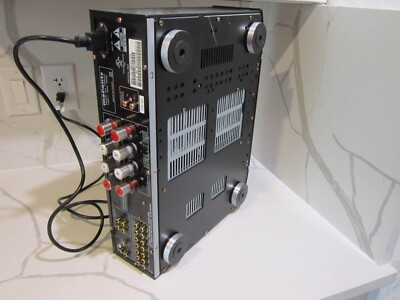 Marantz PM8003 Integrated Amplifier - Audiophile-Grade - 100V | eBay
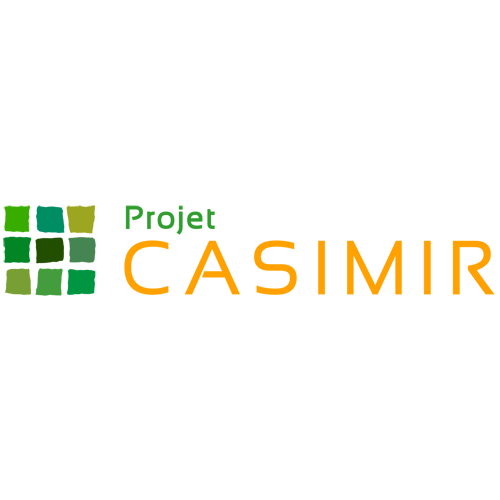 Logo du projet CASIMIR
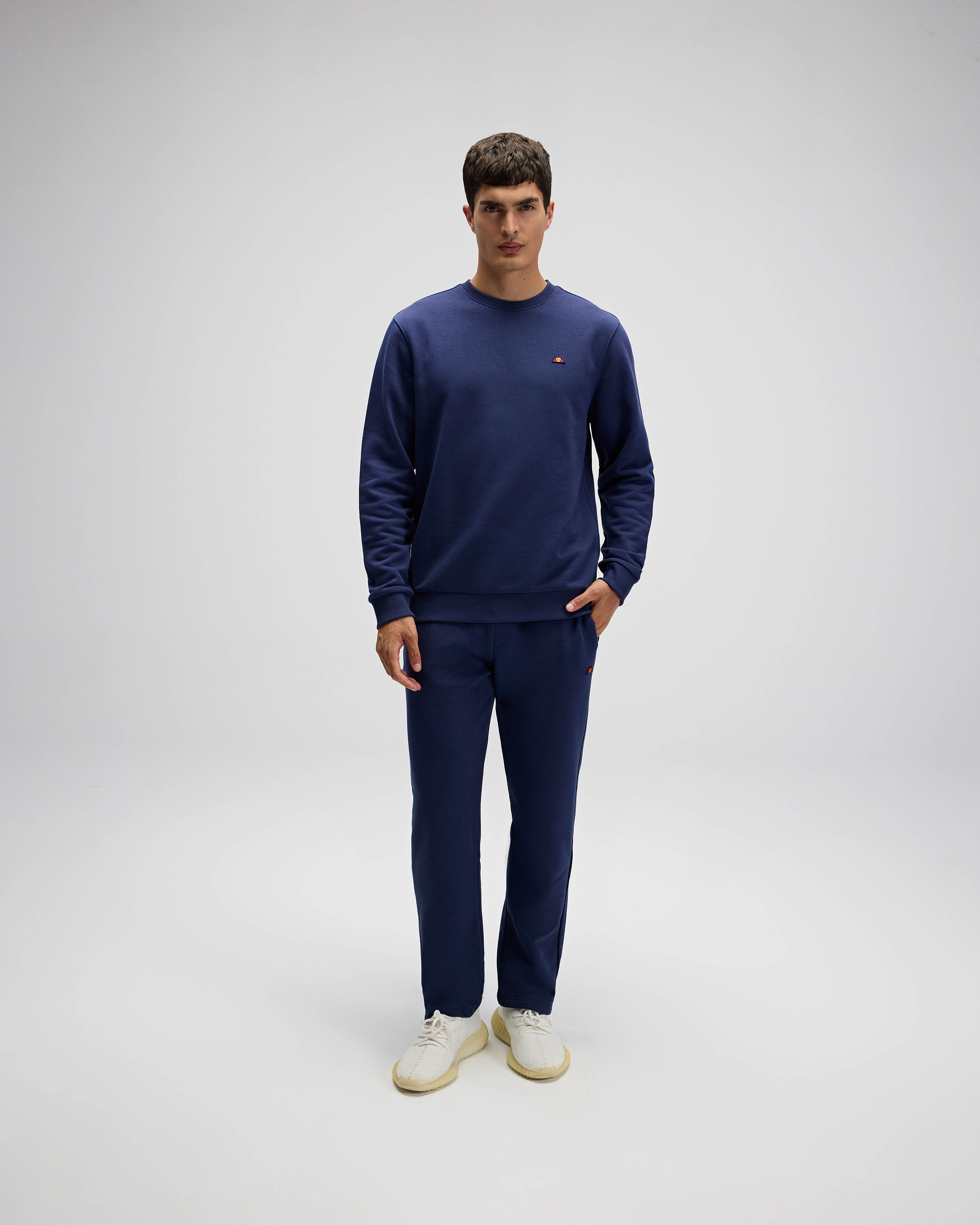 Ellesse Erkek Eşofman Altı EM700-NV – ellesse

----

> [Exercise] Word for word, quote the full listing, omitting every picture.

> [Written reply]
 Marantz PM8003 Integrated Amplifier - Audiophile-Grade - 100V | eBay
 Logo du projet CASIMIR
 Ellesse Erkek Eşofman Altı EM700-NV – ellesse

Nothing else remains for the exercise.